The Ninth Circuit even recognized this basic principle that “choice” in “reproductive health” did not authorize someone to force Christians to violate their own faith, holding in Chrisman v. Sisters of St. Joseph of Peace, “If the … refusal to perform [an abortion or sterilization] infringes upon any constitutionally cognizable right to privacy, such infringement is outweighed by the need to protect the freedom of religion.”
In recognizing that abortion “access” could not trump First Amendment freedoms, the courts were in unison with virtually every elected official – Republican or Democrat – in Congress. When the Church Amendments passed Congress in 1973, prohibiting discrimination against health care workers and hospitals that did not participate in abortions in violation of conscience, they passed by a vote of 372-1 in the House and 92-1 in the Senate. A resolution designating blue as the common color of the sky could not gain that unanimity today.

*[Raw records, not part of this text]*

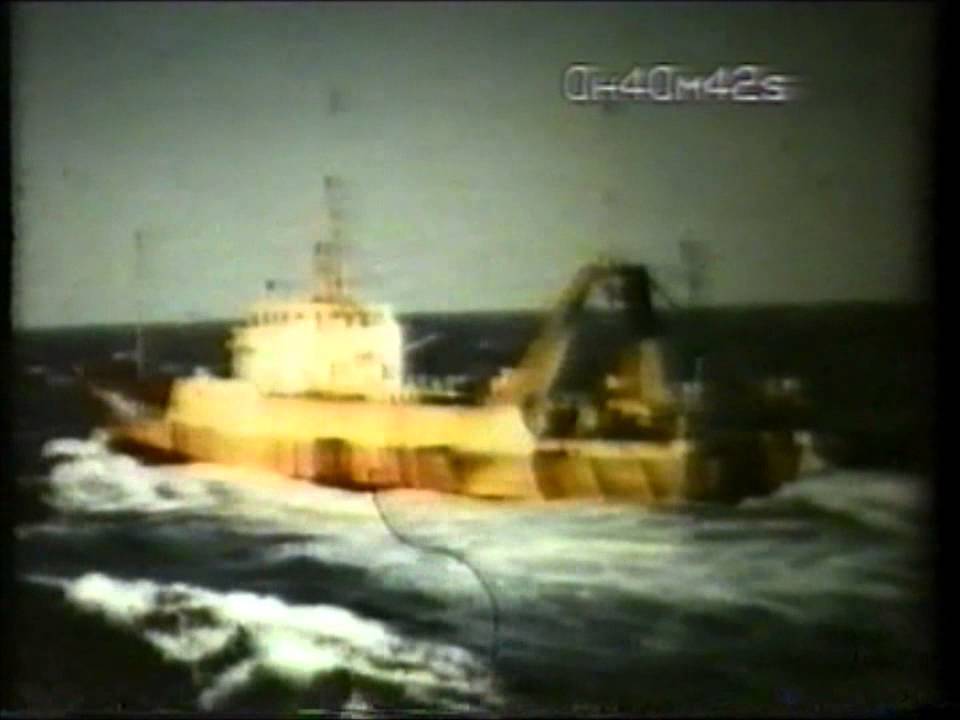 HULL TRAWLERS AT SEA with names
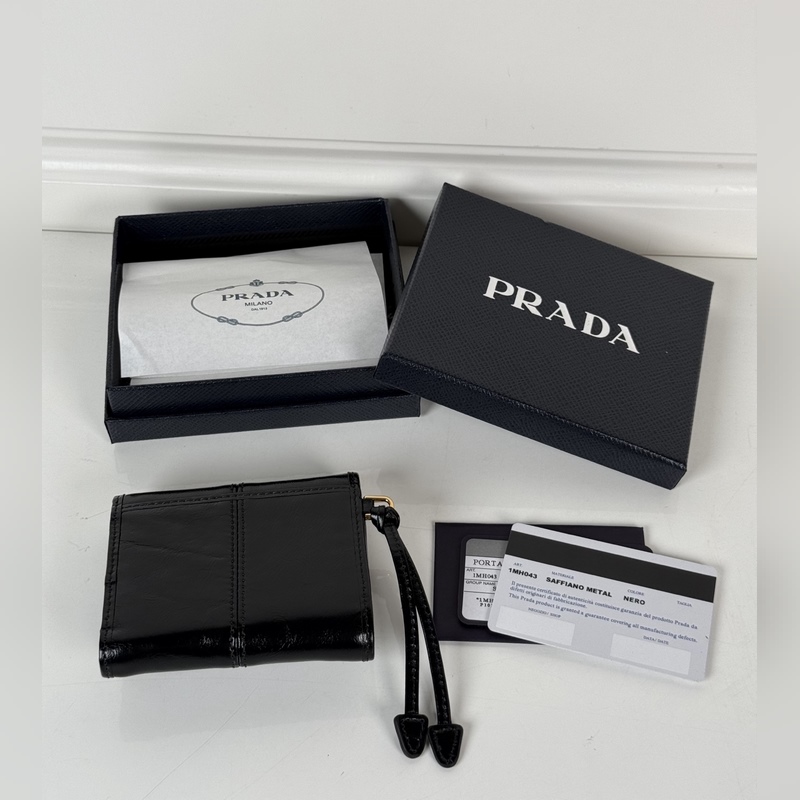 PRADA 普拉達 女士黑色油臘皮短夾，原單品質，型號1MH043，四個卡位插口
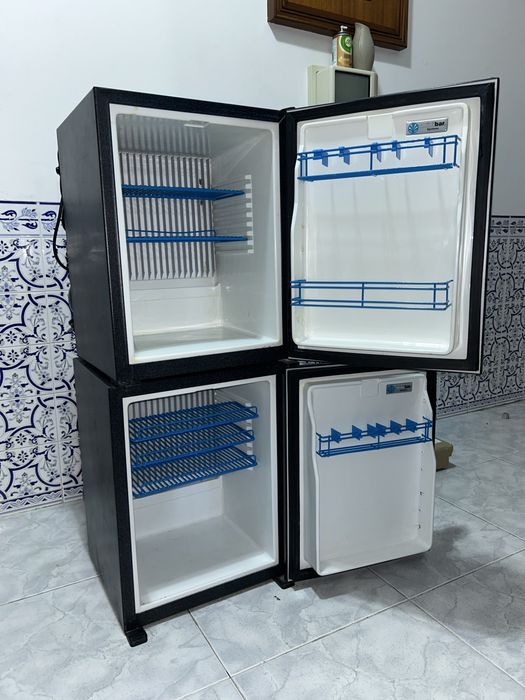 Minibar / Frigorífico pequeno – a funcionar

The junior Senator from Massachusetts, Ted Kennedy, spoke in support of this conscience protection measure and defended extending the religious liberty protections not only to pro-life individuals but to the denominational hospitals who were their employers:
I believe that the Court will sustain the judgment to protect individual rights and liberties. I believe that the Court will sustain the judgment of Congress that, in order to give full protection to the religious freedom of physicians and others, it is necessary to extend the exemption…to the facilities where they practice their profession and livelihood.
42 years later, the left’s passion for abortion is unabated. But in their bloodthirst they are no longer content to – or no longer feel compelled to – also respect individual conscience.
The result is a pro-abortion rhetoric that has strained its euphemisms to the breaking point of credulity and commemorates a “Roe” that doesn’t even support their radical demands. As more Americans realize not only that the “choice” in abortion is a dead living human being, but also that hiding behind their “privacy” and “freedom” is actually an illiberal license to compel, the radical abortion agenda is exposed for the aggressive lie it has always been.